§ **Exercise objective**
Give every line of the data again, unchanged, but with no pictures.

┄┄┄┄┄┄

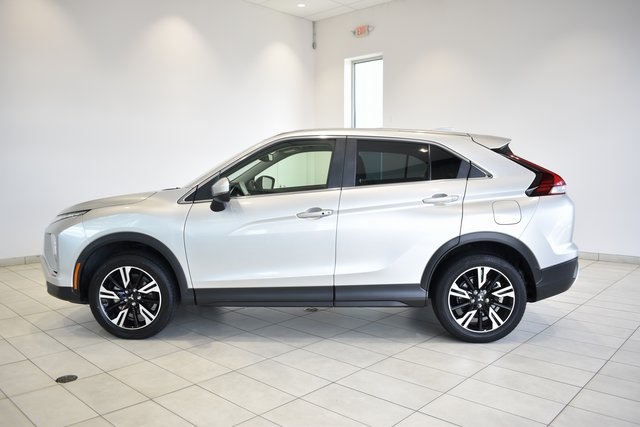 2024 Mitsubishi Eclipse Cross SE photo 2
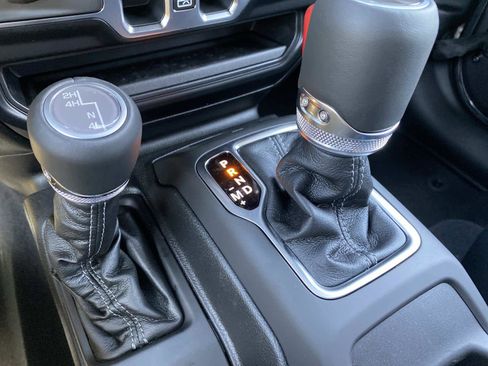 New 2026 Jeep Wrangler Unlimited Sahara AWD/4WD image 13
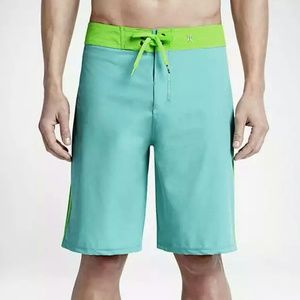 NWT Hurley Phantom Julian 21" Boardshorts Green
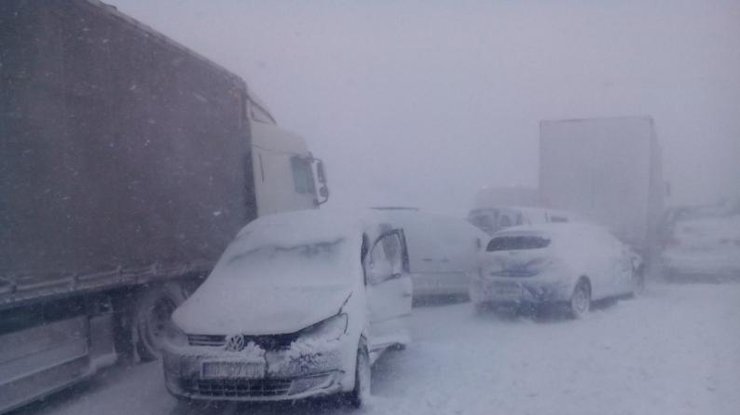 В Словакии в аварию попали сразу 40 машин из-за снегопада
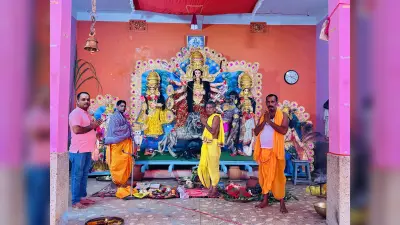 Giridih News:पूजा व आरती में उमड़ रही श्रद्धालुओं की भीड़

┄┄┄┄┄┄

§ **Solution to the exercise**
 2024 Mitsubishi Eclipse Cross SE photo 2
 New 2026 Jeep Wrangler Unlimited Sahara AWD/4WD image 13
 NWT Hurley Phantom Julian 21" Boardshorts Green
 В Словакии в аварию попали сразу 40 машин из-за снегопада
 Giridih News:पूजा व आरती में उमड़ रही श्रद्धालुओं की भीड़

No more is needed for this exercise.